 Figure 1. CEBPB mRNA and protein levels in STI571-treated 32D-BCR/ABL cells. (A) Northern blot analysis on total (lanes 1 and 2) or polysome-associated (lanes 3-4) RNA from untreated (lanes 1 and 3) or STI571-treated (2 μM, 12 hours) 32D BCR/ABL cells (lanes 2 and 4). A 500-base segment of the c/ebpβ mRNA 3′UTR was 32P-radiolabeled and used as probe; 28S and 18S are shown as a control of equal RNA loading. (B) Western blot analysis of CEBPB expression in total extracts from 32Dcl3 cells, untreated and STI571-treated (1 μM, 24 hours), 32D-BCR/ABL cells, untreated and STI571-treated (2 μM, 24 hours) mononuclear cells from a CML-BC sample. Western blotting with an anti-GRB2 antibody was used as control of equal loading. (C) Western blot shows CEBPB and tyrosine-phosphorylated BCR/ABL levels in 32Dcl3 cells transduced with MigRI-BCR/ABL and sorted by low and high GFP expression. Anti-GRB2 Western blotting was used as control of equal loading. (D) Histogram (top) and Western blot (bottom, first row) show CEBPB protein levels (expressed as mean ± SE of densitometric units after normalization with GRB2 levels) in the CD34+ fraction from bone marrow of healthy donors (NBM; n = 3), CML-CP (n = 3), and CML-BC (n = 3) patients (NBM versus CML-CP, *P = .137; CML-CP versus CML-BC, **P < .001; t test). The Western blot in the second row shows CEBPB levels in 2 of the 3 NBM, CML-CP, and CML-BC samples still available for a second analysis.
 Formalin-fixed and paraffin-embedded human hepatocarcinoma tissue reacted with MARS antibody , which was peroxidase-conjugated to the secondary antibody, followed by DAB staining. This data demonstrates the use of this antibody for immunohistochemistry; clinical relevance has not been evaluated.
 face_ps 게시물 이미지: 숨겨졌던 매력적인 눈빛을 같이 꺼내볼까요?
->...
* * *
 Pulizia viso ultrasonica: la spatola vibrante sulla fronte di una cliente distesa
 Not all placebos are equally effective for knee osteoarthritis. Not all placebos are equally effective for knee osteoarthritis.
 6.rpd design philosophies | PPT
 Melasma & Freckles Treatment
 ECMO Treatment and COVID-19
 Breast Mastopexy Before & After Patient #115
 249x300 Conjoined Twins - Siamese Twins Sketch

§ **Assigned task**: Above are some records; copy exactly the lines from the one with "Melasma & Freckles Treatment" through the one with "249x300 Conjoined Twins", both included, and no others.

§ **Answer below**:
 Melasma & Freckles Treatment
 ECMO Treatment and COVID-19
 Breast Mastopexy Before & After Patient #115
 249x300 Conjoined Twins - Siamese Twins Sketch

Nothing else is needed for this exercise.